Tenderness is an important indicator of meat quality with the greatest consumer appreciation [18]. Crossbreeding is a common method for increasing sheep production. When using crossbreeding methods to increase sheep meat production, some meat quality traits, e.g., tenderness, show a significant difference across different cross-breed populations. Unveiling the genetic factors associated with tenderness is essential for guiding cross-breeding efficiently and profitably. Therefore, revealing the genetic processes that regulate meat quality between different cross-breeds is of great interest to the sheep industry.

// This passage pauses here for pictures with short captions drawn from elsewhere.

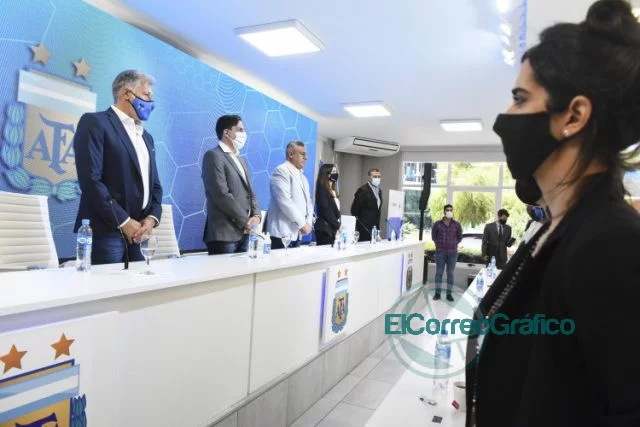Para jugar en las inferiores de los clubes de fútbol, chicas y chicos deberán estar escolarizados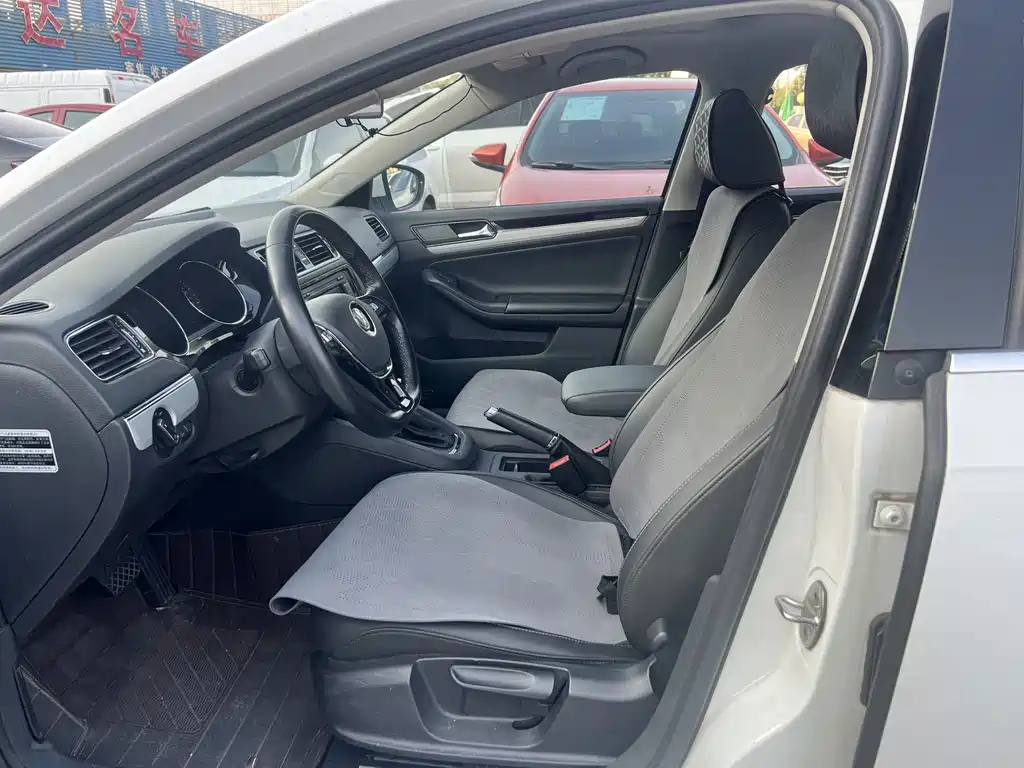 Volkswagen Sagitar — миниатюра 5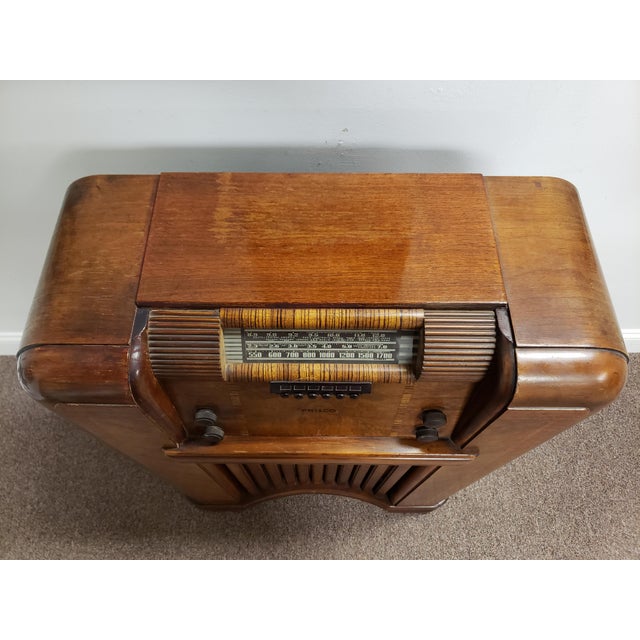 Vintage, Antique 1941 Philco, Art Deco Console Radio With Inlays, Model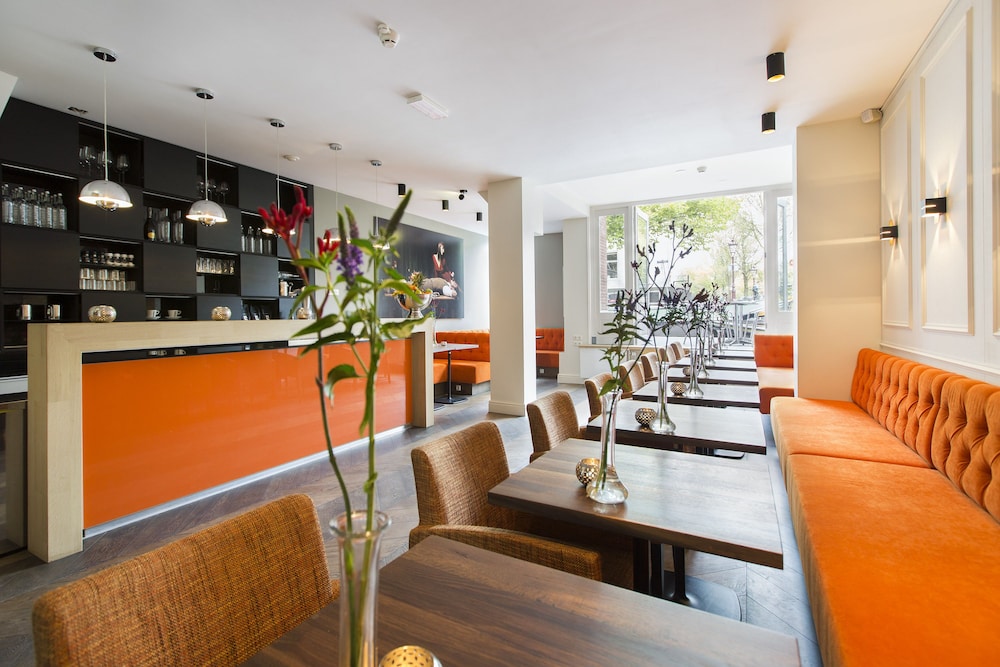 Amsterdam Canal Hotel 48/68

The goals of the current study were to identify key isoforms associated with meat tenderness and to reveal the biological mechanisms of alternative splicing regulations to produce isoforms. To achieve these goals, differentially expressed isoforms (DEIs) were identified between two cross-bred populations with divergent meat tenderness by integrating Iso-seq and RNA-seq data. Then, we combined peaks detected from CTCF chromatin immunoprecipitation sequencing (ChIP-seq) data with DEIs to investigate the possible mechanism with which CTCF regulates the alternative splicing process. Our results have the potential to reveal novel isoforms associated with meat tenderness and uncover the possible regulating mechanism of alternative splicing to produce isoforms.

2. Materials and Methods

The animal experiment of this study was approved by the Experimental Animal Ethical Committee of Yangzhou University (File NO. 202103294). The overall experimental design of the current study is shown in Figure 1.

Figure 1

The overall experimental design. DEIs, differentially expressed isoforms.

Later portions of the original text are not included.